The cell in Excel is probably a float. Depending on how it is rendered there will be a point where a given source (float) value will produce different target values for different target data types. This is a problem as old as floating point numbers.
Floats are good for measurements, but lousy for counts. What you are seeing could be the difference caused by that quality of a float.
The cell shows up as "Double" if I look at it in design view in an Access DB that has a link to it.
Hope the beancounters can accepts this fact that the number doesn't show up EXACTLY as it is in Excel. I've tried to maually insert the value with all 19 decimal and it shows ok.
I've seen this problem show up when I'm using a C++ application to insert values from Excel into SQL Server via ODBC also. And there the value is picked as a string and then used to build a SQL-Statement. I will get the same values as with the manual import into SQL Server.
Floats (reals and doubles) are perfect for dealing with measures, because floats work like measurements work... Counts (INT, MONEY, DECIMAL, etc) are perfect for counts, because they actually are counts. A measurement is an approximation that has some desired degree of precision, and is quick and easy to perform calculations of practically infinite scope at the desired degree of precsion. A count is exact, but fundamentally limited in terms of the kind of calculations it can do and the scope of values it can represent.

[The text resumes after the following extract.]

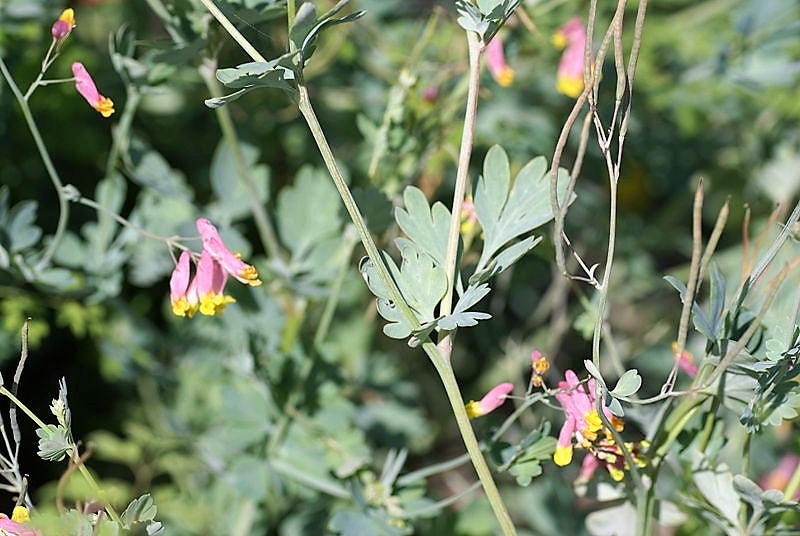50 ROCK HARLEQUIN Pink & Yellow Corydalis Sempervirens Flower Seeds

When you're dealing with money, you need a count. When you're dealing with computational measures such as C or e, or figuring anything to do with astronomy or weather, counts are almost worthless and floats are appropriate.
You can't use either tool to efficiently do the jobs that the other is built to handle... You can beat either of them into submission and they can pinch-hit for one another, but they are really two different classes of tools even though people sometimes confuse floats and counts when they don't grok them both.